FNS Dread, Danu System, acceleration 0 m/s2
Mitchie nodded to Admiral Bachak as she floated past him in the corridor.
“Morning, ma’am,” he said. “Going up to the negotiations?”
“It’s the only show we have.” She grabbed a handhold to stop and face him.
“True. I want to let you know I’m reducing readiness in the fleet.”
“I thought you’d already taken them off battle stations?”
“Yes. But Condition Two also costs them sleep. Four days of it has been rough on green crews. I’m going to start a rotation. A few ships on Condition One just in case, some more on Condition Two, and the rest on normal running.”
Which kept spacers in better shape at the cost of being more vulnerable to a Harmony surprise attack. That was exactly the kind of dec
ision Mitchie had hired Bachak to make.
“Sounds good,” she said.
“I’d appreciate it if you could alert me if you see any signs of the negotiations breaking down. If the Harmony gives up on talking we’ll need to resume Condition One.”
“I will watch for that.”
“Thank you.” Bachak pivoted on his handhold and arrowed away.
One of the flag conference rooms was dedicated to the ongoing conversation. Mitchie took a seat out of view of the camera. After listening for five minutes she still couldn’t figure out what the topic under discussion was. Reading the side chatter among flunkies didn’t help. They were using more obscure jargon than the conversation between Guen and Ping.
There were four documents under consideration in the negotiations. Ping had resent the Harmony’s proposal for placing all of humanity under traditionalist rule and added a detailed set of guidelines for a truce. Guen offered a plan for reunification in a modified Fusion and another for permanent separation. Every one was being debated and quibbled over.
Guen was annoyed by Ping’s latest objection. Her retort concluded with, “I’d rather let the missiles fly.”
Ping gestured toward Guo in the row of listeners seated behind him. “You should be careful with threats. People can die without missiles being fired.”
A chill went through Mitchie. Guo had implicitly been a hostage since he arrived at Tiantan. This was the first time his death was offered as a bargaining chip. She crumpled her datasheet into a wad. Crying out would just tell Ping his threat was working.

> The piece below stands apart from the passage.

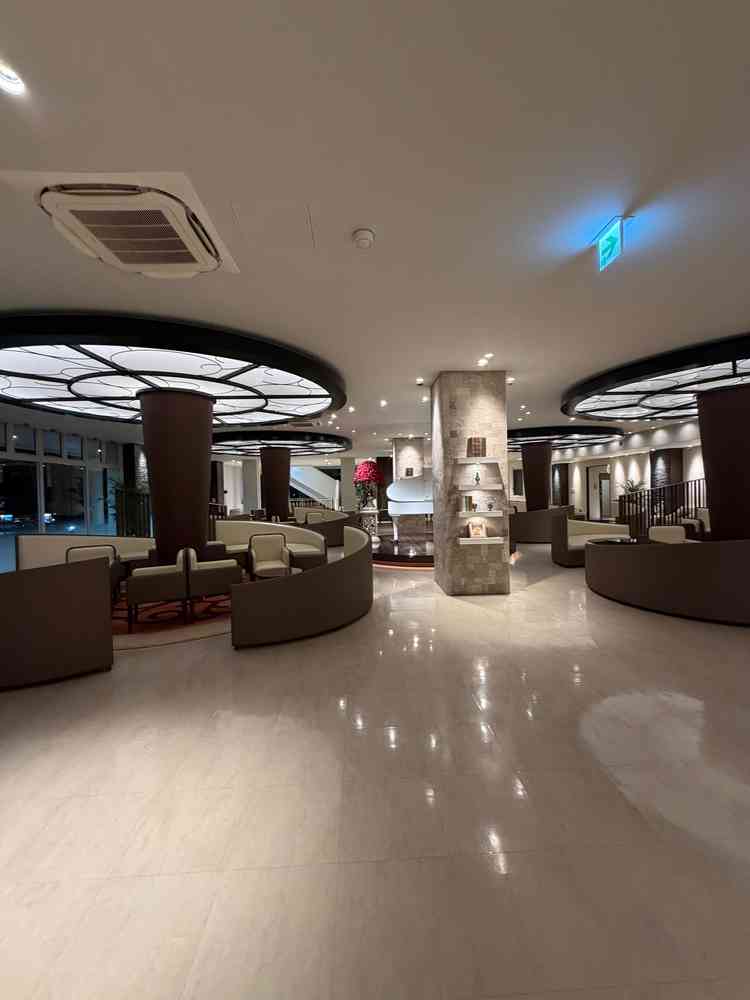 ゲストの待合スペース。とても広々としていて各フロアで化粧室、喫煙所などが完結しているとのこと。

Guen’s voice was level. “My mother died in an attack on my father. He died because someone feared his power as a Stakeholder. The man I admired most after them died to save me from being a hostage. Dying for political reasons is the natural fate of those close to me.”
She reached behind her with her left hand. Wayne Searcher wrapped his right around it in full view of the camera.
“There are still those brave enough to dare it,” she finished.